This meeting revealed the existence of several ambiguities; the project was not defined, it was not agreed that the project would be launched by which product, whether the product would be accompanied with a service or no, where it would be implemented and which urban community would be concerned directly. Satory was mentioned during the meeting as the eventual location of the project; Satory belongs to the urban community of Versailles1 and the urban community of Versailles belongs to Department of Yvelines and the Department of Yvelines is in the Ile-De-France Region. We studied the annual reports and websites of these public authorities in order to understand if they have any plan for Satory. This study clarified that however the urban community of Versailles had several plans for economic development (e.g. creation of business incubators, support of the competitiveness clusters, attracting new enterprises, development of Satory), urban development (e.g. support of housing construction), environment protection (e.g. waste management, energy consumption reduction, noise and air pollution diminution) but it did not have any major plan for transportation. Therefore, it was far to expect the urban community of Versailles to contribute financially to the Vedecom’s project.
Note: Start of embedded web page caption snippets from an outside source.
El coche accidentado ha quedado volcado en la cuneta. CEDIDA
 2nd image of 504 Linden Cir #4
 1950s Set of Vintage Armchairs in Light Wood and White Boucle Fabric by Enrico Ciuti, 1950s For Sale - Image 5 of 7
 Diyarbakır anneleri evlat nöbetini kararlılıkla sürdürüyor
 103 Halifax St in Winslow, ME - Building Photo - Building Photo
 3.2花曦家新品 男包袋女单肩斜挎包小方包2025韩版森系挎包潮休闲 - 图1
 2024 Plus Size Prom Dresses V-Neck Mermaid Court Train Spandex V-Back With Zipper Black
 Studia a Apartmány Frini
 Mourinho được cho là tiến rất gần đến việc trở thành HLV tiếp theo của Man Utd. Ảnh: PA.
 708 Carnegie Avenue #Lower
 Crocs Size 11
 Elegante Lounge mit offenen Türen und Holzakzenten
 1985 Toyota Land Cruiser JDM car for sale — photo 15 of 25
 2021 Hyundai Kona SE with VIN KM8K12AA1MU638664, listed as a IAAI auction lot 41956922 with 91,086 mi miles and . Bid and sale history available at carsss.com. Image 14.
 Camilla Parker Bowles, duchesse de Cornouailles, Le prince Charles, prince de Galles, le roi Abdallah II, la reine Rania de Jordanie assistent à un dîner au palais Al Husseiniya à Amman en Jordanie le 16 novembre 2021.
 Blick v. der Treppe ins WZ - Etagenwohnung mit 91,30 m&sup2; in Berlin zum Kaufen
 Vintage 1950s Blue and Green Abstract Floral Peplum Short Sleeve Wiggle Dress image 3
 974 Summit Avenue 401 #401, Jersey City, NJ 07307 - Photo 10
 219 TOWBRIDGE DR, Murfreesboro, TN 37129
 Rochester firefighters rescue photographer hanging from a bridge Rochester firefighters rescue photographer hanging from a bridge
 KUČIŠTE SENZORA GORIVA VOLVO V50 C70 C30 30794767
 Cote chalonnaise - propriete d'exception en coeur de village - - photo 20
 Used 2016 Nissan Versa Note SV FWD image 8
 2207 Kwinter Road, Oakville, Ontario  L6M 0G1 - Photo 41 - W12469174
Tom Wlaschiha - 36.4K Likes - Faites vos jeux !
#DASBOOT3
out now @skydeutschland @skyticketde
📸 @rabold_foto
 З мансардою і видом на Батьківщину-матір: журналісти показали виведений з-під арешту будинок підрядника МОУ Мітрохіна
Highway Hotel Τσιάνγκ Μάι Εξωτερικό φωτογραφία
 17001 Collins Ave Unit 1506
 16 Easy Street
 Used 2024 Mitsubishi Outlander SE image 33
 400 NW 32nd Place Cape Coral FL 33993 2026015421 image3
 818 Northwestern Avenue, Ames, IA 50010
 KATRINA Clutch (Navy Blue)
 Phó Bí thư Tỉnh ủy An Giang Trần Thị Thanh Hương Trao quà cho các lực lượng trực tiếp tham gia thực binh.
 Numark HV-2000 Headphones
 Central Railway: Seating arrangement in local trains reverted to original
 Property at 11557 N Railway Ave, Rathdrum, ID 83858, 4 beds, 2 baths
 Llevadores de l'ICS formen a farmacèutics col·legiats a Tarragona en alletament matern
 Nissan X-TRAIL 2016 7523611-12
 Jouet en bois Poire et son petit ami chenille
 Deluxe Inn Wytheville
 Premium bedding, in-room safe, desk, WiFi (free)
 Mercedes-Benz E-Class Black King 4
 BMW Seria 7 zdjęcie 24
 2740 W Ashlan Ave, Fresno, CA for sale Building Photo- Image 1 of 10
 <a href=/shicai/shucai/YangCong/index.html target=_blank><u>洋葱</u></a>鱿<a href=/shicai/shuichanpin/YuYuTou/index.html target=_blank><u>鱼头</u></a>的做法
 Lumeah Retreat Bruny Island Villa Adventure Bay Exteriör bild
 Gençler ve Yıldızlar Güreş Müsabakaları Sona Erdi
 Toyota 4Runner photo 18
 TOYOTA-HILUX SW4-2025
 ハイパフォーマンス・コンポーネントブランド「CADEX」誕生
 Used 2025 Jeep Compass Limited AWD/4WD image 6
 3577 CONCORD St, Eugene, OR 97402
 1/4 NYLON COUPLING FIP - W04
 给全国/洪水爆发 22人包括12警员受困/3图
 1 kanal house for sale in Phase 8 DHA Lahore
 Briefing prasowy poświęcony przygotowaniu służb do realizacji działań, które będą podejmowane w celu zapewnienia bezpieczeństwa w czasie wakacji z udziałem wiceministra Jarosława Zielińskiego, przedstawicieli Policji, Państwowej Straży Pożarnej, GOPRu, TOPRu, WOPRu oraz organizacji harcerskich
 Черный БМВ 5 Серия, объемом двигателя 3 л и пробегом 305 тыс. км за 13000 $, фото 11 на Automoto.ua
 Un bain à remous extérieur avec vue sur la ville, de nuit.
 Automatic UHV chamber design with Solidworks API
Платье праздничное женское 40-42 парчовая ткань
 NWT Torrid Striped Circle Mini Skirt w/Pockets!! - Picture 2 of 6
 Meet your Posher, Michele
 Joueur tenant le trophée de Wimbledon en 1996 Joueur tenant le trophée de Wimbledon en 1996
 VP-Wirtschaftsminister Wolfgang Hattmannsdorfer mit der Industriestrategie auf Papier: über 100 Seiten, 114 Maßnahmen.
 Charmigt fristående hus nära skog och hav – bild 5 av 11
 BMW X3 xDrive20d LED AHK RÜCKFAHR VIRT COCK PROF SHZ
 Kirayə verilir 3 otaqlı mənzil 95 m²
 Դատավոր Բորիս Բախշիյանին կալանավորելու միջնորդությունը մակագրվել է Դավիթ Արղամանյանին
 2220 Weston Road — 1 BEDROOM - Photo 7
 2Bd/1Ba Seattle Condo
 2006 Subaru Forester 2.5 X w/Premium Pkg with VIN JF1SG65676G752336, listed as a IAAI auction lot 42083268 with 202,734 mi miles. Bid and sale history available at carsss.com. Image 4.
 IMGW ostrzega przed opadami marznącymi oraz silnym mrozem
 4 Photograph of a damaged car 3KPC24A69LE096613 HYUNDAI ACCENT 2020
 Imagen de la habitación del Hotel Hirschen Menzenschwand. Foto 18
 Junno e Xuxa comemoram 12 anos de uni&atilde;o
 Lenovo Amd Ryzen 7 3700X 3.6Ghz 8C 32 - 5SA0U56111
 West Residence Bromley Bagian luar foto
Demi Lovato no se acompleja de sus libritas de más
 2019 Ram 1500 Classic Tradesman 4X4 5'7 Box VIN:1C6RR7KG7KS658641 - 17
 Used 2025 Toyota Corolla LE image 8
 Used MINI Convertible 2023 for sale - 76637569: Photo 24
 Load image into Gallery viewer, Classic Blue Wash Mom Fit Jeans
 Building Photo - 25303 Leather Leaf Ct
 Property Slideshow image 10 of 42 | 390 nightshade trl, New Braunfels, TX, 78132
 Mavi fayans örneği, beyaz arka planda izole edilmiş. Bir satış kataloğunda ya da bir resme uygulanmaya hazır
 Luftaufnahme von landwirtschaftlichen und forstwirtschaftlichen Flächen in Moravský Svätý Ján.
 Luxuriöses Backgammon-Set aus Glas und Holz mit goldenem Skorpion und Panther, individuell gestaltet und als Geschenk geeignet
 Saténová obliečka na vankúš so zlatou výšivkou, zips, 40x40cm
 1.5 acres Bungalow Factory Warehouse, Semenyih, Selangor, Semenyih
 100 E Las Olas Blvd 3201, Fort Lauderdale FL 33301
Research question formulation
As discussed above, the objective of adopting action research methodology is dual effectiveness and productiveness both in management science and management practice. Therefore for research question formulation, these two factors must be considered.
The action research methodology is used when a real problem exists and it is recognized at least in practice, therefore practitioners and scientists collaborate together on a factual problem.
Action research targets real problems and aims to assist practitioners facing factual concerns; therefore it includes iterative cycles of identifying a problem, planning, acting and evaluating (David, 2012). Action research explores existing state and provides possible reflections for transforming it (David, 2012). It is not as same as other research methodologies in which the researcher studies organizational phenomena with no will to change it; on the contrary the aim of action researcher is to create change in parallel to studying the process (Baburoglu and Ravn, 1992).
Action research concerns about the research “in the field” in contrast to the research “on the field”. Research “on the field” is what the researches do by adopting the observation methodology, when they observe the phenomena from the outside for extracting constants and regularities. On the contrary, action researchers integrate themselves in the field to collect empirical data in order to design appropriate models and management tools, furthermore they investigate in what extend these management tools and models work (David, 2012).
As action research methodology deals with a factual problem, therefore the first step is to identify the primary problems that require to be answered in the host organization (Susman and Evered, 1978). Research questions necessitate to be formulated in cooperation with management practitioners in the organization (Bradbury, 2008) for being sure that they approve the existence of a real problem in the organization.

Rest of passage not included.